**Input data**
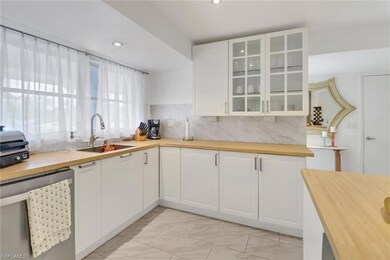 Kitchen with light tile patterned flooring, white 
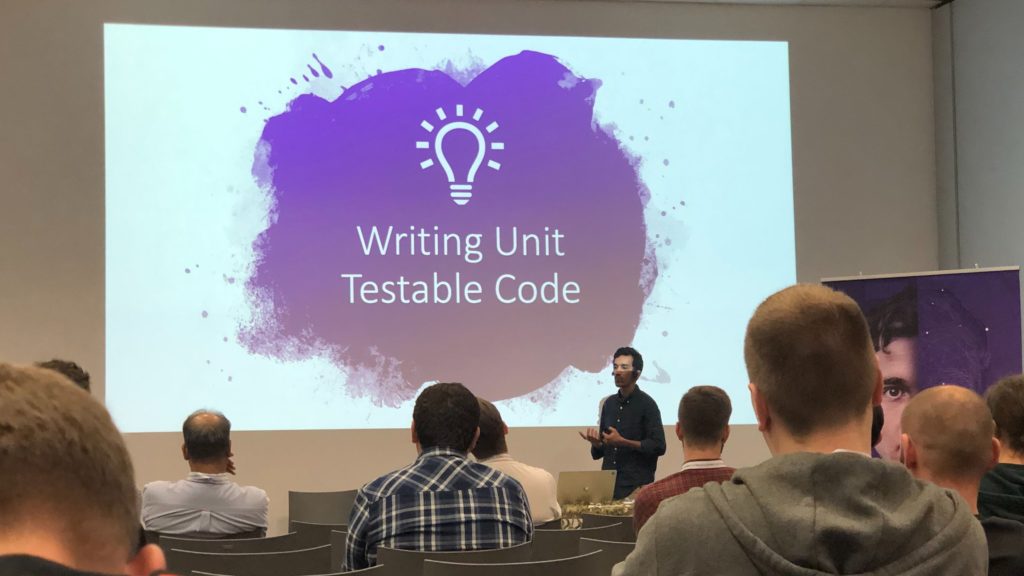 Sala konferencyjna, prelekcja o testowaniu, na ekranie prelekcji zapalona żarówka i napis Writing Unit Testable Code.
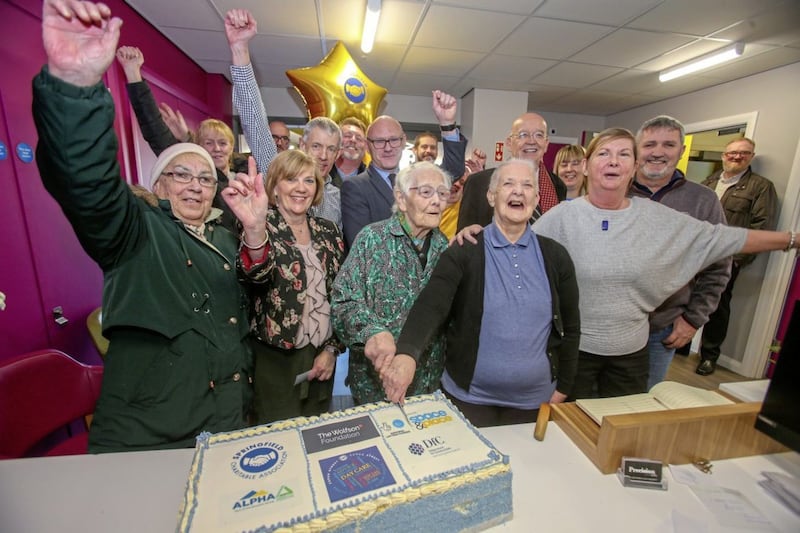 Cutting the cake at the new intergenerational centre of excellence in west Belfast following the refurbishment of a derelict building on the Falls Road. Picture Mal McCann. 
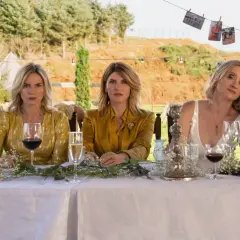 Fem kvinnor, kanske **bad sisters**, sitter vid ett dukat bord utomhus. En bär ögonlapp, en annan en glittrig gul klänning.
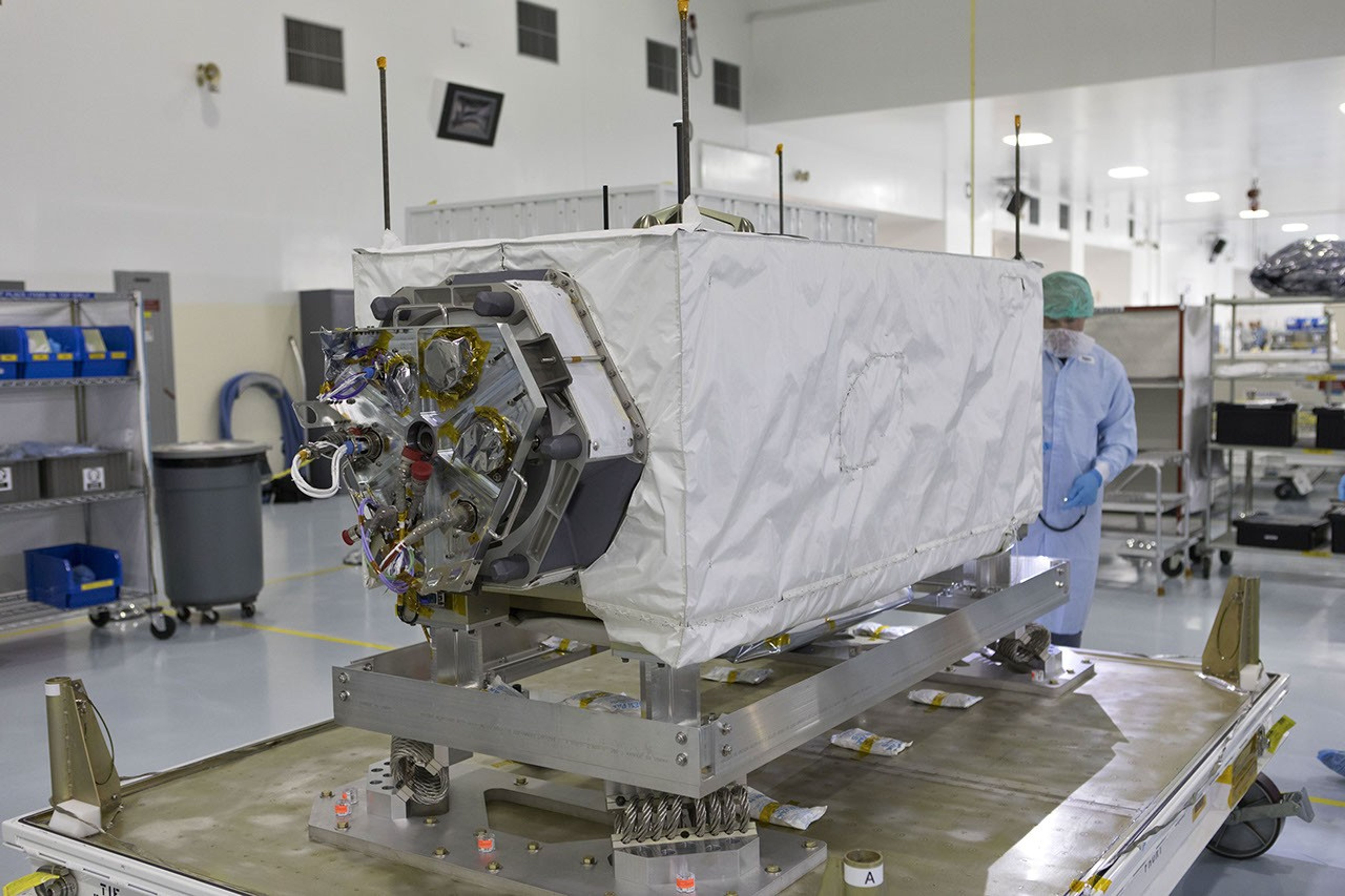 NASA's ECOsystem Spaceborne Thermal Radiometer Experiment on Space Station (ECOSTRESS) is inspected after arrival at Kennedy Space Center.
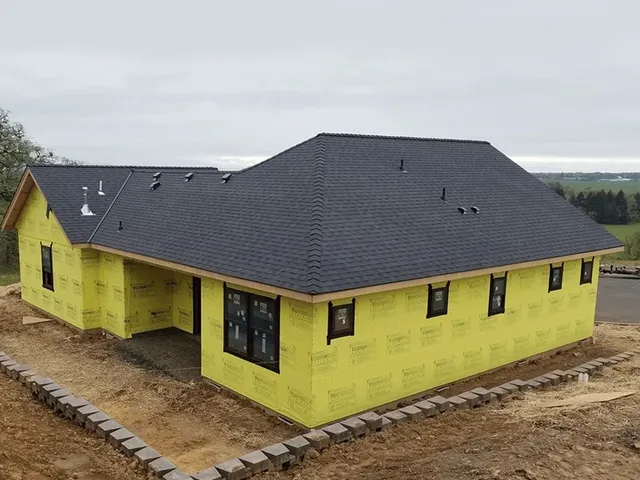 Newly installed charcoal shingle hip roof on a home under construction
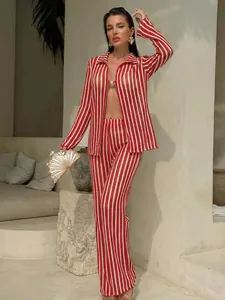 Full view of model in red and white striped resort wear set with a gold shell clutch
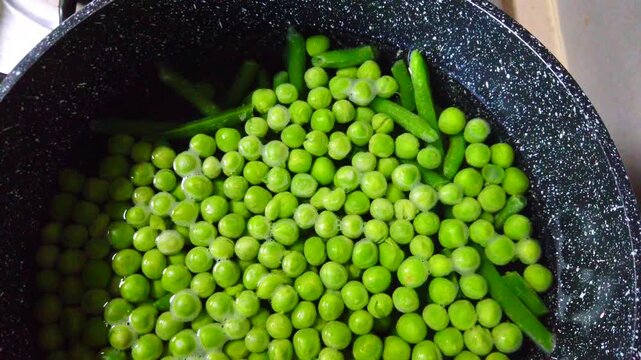 Fresh green peas and broad beans cooking together in a saucepan. A simple and healthy food preparation scene, ideal for vegetarian recipes, meal prep, and kitchen visuals.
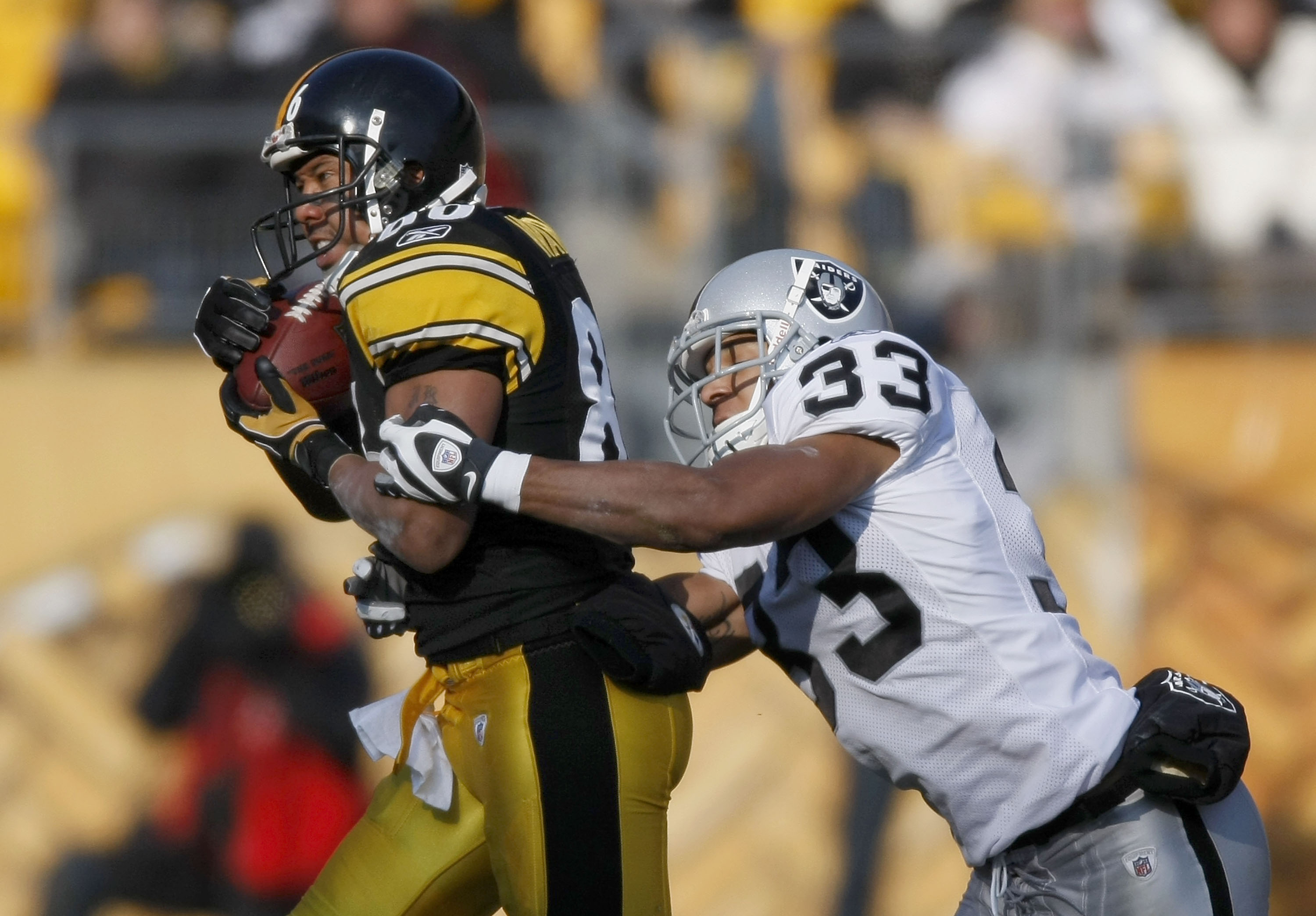 PITTSBURGH - DECEMBER 06:  Hines Ward #86 of the Pittsburgh Steelers catches a second quarter pass in front of Tyvon Branch #33 of the Oakland Raiders December 6, 2009 at Heinz Field in Pittsburgh, Pennsylvania. Oakland won the game 27-24.  (Photo by Greg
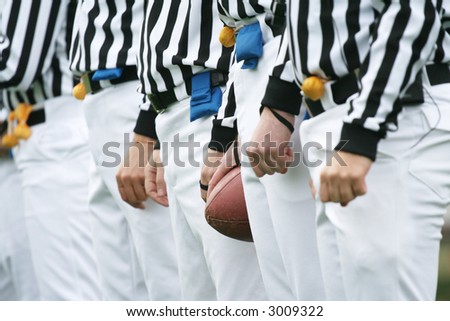 American football referee holding ball. American football concept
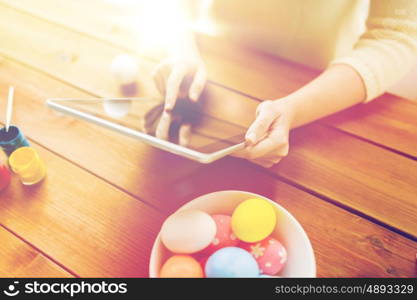 easter, holidays, technology and people concept - close up of woman hands with tablet pc computer, easter eggs and colors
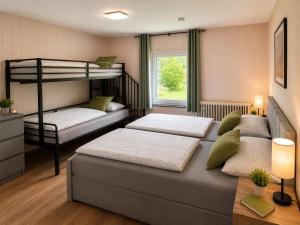 a bedroom with two beds and a bunk bed at Ferienhaus im Wiesengrund in Simmerath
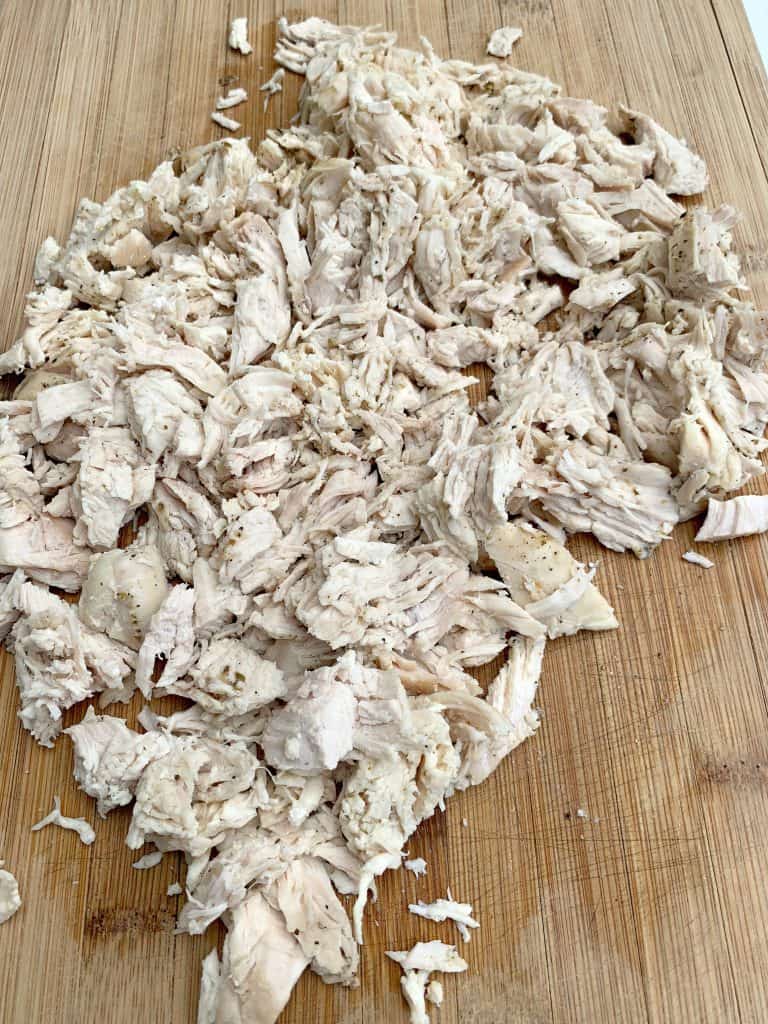 shredded chicken breast on a cutting board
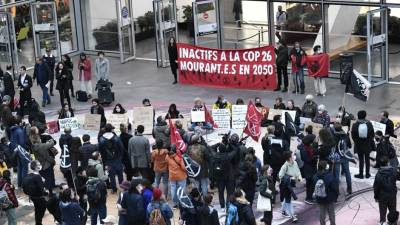 Los activistas de ‘Extinction Rebellion’ son observados por transeúntes mientras posan con una pancarta que se traduce como ‘Inactivo en la Cop 26 muriendo en 2050’.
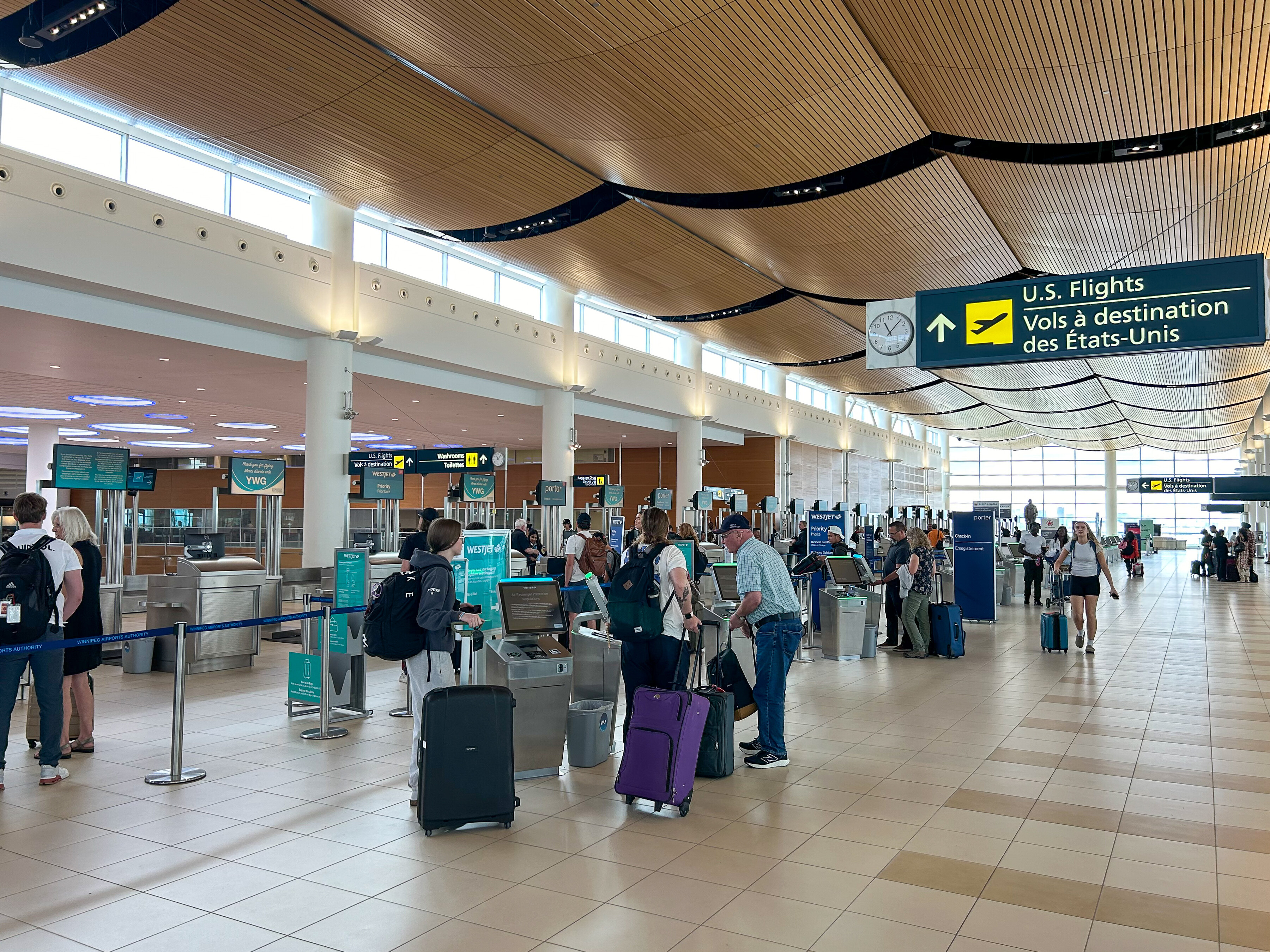 Passengers gather around the check-in kiosks on the Departures Level of the Winnipeg Richardson International Airport terminal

**Requirement**
Each entry, word for word, belongs in your answer; each picture does not.

**Result of the exercise**
 Kitchen with light tile patterned flooring, white 
 Sala konferencyjna, prelekcja o testowaniu, na ekranie prelekcji zapalona żarówka i napis Writing Unit Testable Code.
 Cutting the cake at the new intergenerational centre of excellence in west Belfast following the refurbishment of a derelict building on the Falls Road. Picture Mal McCann. 
 Fem kvinnor, kanske **bad sisters**, sitter vid ett dukat bord utomhus. En bär ögonlapp, en annan en glittrig gul klänning.
 NASA's ECOsystem Spaceborne Thermal Radiometer Experiment on Space Station (ECOSTRESS) is inspected after arrival at Kennedy Space Center.
 Newly installed charcoal shingle hip roof on a home under construction
 Full view of model in red and white striped resort wear set with a gold shell clutch
 Fresh green peas and broad beans cooking together in a saucepan. A simple and healthy food preparation scene, ideal for vegetarian recipes, meal prep, and kitchen visuals.
 PITTSBURGH - DECEMBER 06:  Hines Ward #86 of the Pittsburgh Steelers catches a second quarter pass in front of Tyvon Branch #33 of the Oakland Raiders December 6, 2009 at Heinz Field in Pittsburgh, Pennsylvania. Oakland won the game 27-24.  (Photo by Greg
 American football referee holding ball. American football concept
 easter, holidays, technology and people concept - close up of woman hands with tablet pc computer, easter eggs and colors
 a bedroom with two beds and a bunk bed at Ferienhaus im Wiesengrund in Simmerath
 shredded chicken breast on a cutting board
 Los activistas de ‘Extinction Rebellion’ son observados por transeúntes mientras posan con una pancarta que se traduce como ‘Inactivo en la Cop 26 muriendo en 2050’.
 Passengers gather around the check-in kiosks on the Departures Level of the Winnipeg Richardson International Airport terminal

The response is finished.